Activity – Of the material below, only the lines from the line containing "The Secret To A Well Balanced Life" down to the line containing "Brabantia Strijkplank A, 110x30" belong in the answer, written out exactly.

★ ★ ★ ★

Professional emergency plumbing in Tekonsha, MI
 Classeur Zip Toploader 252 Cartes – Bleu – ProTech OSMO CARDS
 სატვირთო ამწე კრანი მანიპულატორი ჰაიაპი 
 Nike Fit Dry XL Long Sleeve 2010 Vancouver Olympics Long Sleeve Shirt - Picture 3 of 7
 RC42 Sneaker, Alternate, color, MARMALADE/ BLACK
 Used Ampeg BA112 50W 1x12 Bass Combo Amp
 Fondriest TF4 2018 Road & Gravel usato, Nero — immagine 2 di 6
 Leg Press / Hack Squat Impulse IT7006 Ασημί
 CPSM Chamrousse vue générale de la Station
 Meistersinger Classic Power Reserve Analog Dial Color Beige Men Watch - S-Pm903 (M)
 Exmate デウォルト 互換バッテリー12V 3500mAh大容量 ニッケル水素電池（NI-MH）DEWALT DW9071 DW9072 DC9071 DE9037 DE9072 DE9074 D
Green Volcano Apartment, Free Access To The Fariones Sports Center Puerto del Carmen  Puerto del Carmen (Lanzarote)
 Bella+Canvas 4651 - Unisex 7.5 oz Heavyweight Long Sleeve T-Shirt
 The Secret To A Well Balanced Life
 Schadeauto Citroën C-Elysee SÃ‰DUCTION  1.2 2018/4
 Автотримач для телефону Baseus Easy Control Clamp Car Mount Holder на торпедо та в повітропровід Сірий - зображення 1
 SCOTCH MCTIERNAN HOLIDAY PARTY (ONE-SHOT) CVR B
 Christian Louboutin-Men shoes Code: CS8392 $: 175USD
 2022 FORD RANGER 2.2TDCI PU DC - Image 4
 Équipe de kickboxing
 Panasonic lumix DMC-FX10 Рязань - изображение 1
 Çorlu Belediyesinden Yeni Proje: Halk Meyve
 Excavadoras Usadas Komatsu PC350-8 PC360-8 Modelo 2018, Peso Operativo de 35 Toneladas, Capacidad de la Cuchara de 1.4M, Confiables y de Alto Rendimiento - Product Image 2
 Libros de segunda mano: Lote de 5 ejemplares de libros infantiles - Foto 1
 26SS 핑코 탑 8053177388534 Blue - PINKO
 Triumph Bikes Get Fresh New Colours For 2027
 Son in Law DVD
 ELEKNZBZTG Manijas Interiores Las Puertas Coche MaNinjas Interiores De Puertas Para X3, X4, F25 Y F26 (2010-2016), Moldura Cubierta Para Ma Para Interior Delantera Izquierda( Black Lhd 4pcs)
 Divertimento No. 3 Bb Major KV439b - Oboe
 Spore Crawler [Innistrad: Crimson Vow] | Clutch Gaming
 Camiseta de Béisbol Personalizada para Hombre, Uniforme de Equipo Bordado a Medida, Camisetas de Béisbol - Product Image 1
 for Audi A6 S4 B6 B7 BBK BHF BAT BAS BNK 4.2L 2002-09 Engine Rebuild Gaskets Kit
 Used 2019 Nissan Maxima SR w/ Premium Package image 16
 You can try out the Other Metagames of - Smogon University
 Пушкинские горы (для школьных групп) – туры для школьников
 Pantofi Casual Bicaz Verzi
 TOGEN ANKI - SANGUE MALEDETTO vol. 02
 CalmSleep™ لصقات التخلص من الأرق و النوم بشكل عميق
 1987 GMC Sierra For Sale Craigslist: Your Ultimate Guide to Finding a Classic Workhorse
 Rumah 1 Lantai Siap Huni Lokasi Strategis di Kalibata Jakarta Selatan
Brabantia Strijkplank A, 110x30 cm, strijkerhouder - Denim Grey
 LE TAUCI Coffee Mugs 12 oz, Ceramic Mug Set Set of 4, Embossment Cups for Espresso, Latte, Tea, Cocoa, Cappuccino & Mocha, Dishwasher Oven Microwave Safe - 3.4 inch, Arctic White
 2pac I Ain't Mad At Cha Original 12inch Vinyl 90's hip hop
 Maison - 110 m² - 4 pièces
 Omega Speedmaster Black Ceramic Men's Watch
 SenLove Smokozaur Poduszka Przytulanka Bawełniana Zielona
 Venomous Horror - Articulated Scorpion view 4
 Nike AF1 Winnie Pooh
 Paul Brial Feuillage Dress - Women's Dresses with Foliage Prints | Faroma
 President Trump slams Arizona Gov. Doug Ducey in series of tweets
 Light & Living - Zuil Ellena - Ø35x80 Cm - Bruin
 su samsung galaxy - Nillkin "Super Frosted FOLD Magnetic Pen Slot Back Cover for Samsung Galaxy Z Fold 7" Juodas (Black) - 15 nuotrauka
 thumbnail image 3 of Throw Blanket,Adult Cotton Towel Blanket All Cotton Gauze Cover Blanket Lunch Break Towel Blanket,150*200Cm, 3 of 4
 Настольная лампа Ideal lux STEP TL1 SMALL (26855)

★ ★ ★ ★

Written reply –
 The Secret To A Well Balanced Life
 Schadeauto Citroën C-Elysee SÃ‰DUCTION  1.2 2018/4
 Автотримач для телефону Baseus Easy Control Clamp Car Mount Holder на торпедо та в повітропровід Сірий - зображення 1
 SCOTCH MCTIERNAN HOLIDAY PARTY (ONE-SHOT) CVR B
 Christian Louboutin-Men shoes Code: CS8392 $: 175USD
 2022 FORD RANGER 2.2TDCI PU DC - Image 4
 Équipe de kickboxing
 Panasonic lumix DMC-FX10 Рязань - изображение 1
 Çorlu Belediyesinden Yeni Proje: Halk Meyve
 Excavadoras Usadas Komatsu PC350-8 PC360-8 Modelo 2018, Peso Operativo de 35 Toneladas, Capacidad de la Cuchara de 1.4M, Confiables y de Alto Rendimiento - Product Image 2
 Libros de segunda mano: Lote de 5 ejemplares de libros infantiles - Foto 1
 26SS 핑코 탑 8053177388534 Blue - PINKO
 Triumph Bikes Get Fresh New Colours For 2027
 Son in Law DVD
 ELEKNZBZTG Manijas Interiores Las Puertas Coche MaNinjas Interiores De Puertas Para X3, X4, F25 Y F26 (2010-2016), Moldura Cubierta Para Ma Para Interior Delantera Izquierda( Black Lhd 4pcs)
 Divertimento No. 3 Bb Major KV439b - Oboe
 Spore Crawler [Innistrad: Crimson Vow] | Clutch Gaming
 Camiseta de Béisbol Personalizada para Hombre, Uniforme de Equipo Bordado a Medida, Camisetas de Béisbol - Product Image 1
 for Audi A6 S4 B6 B7 BBK BHF BAT BAS BNK 4.2L 2002-09 Engine Rebuild Gaskets Kit
 Used 2019 Nissan Maxima SR w/ Premium Package image 16
 You can try out the Other Metagames of - Smogon University
 Пушкинские горы (для школьных групп) – туры для школьников
 Pantofi Casual Bicaz Verzi
 TOGEN ANKI - SANGUE MALEDETTO vol. 02
 CalmSleep™ لصقات التخلص من الأرق و النوم بشكل عميق
 1987 GMC Sierra For Sale Craigslist: Your Ultimate Guide to Finding a Classic Workhorse
 Rumah 1 Lantai Siap Huni Lokasi Strategis di Kalibata Jakarta Selatan
Brabantia Strijkplank A, 110x30 cm, strijkerhouder - Denim Grey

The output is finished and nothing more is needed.